Mitfiebern wird Lorenz Nydegger. Er ist Fan des FC Winterthur und im Vorstand des Vereins Fussballkultur.ch, welcher ein Public Viewing im alten Busdepot in Winterthur organisiert. Lorenz Nydegger sagt: «Wir lehnen einen Boykott klar ab.» Dieser würde nur die fortschrittsfeindlichen konservativen Kräfte im Nahen Osten stärken.
Hinschauen statt wegschauen
Der Verein beschäftige sich seit Jahren mit dem Thema Katar. Lorenz Nydegger ist auch nach Katar und Oman gereist. Die Weltmeisterschaft sei eine Chance, kulturelle Stereotypen genauer unter die Lupe zu nehmen. Der Verein hat auch eine Podiumsdiskussion rund um die WM in Katar organisiert.

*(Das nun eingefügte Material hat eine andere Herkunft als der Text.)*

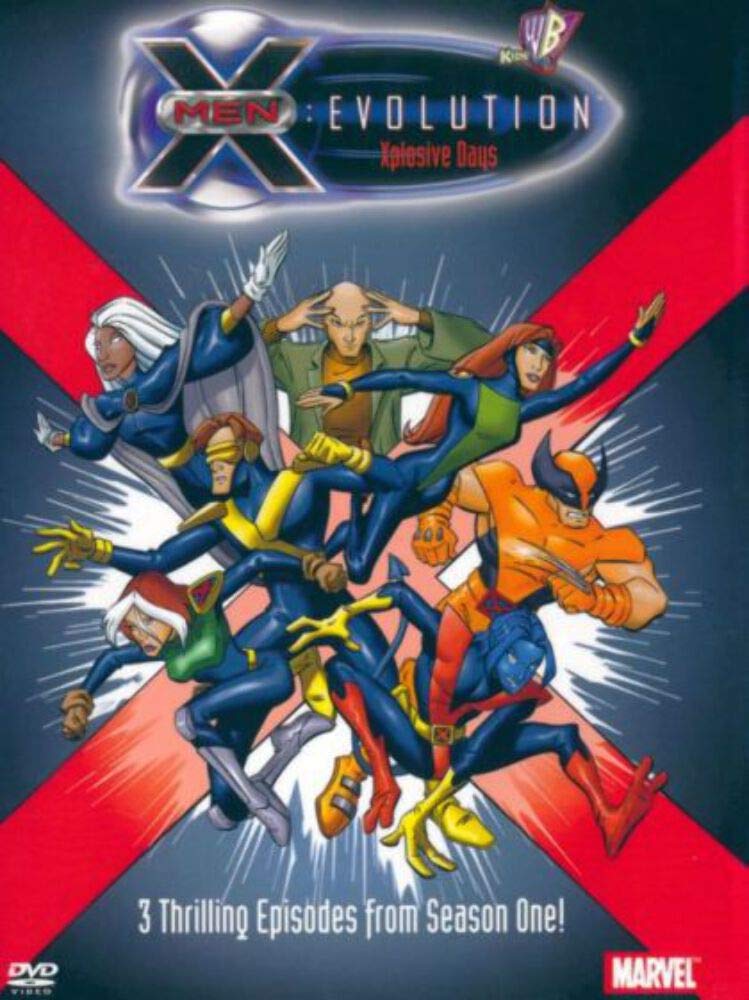 X-Men: Evolution - Xplosive Days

WM-Verzicht aus ethischen Gründen
Boykottieren wird die WM hingegen Peter Kirschschläger. Der aktive Fussballspieler ist Professor für Theologische Ethik und Leiter des Instituts für Sozialethik an der Universität Luzern. Bei ihm bleibt der Bildschirm schwarz. Aus ethischen Gründen, um ein Zeichen gegen die Menschenrechtsverletzungen zu setzen. «Wenn viele Menschen darauf verzichten, ist das ein bedeutsames Zeichen. Die Fifa orientiert sich an Einschaltquoten, um mit TV-Rechten und Sponsoring Geld zu verdienen.»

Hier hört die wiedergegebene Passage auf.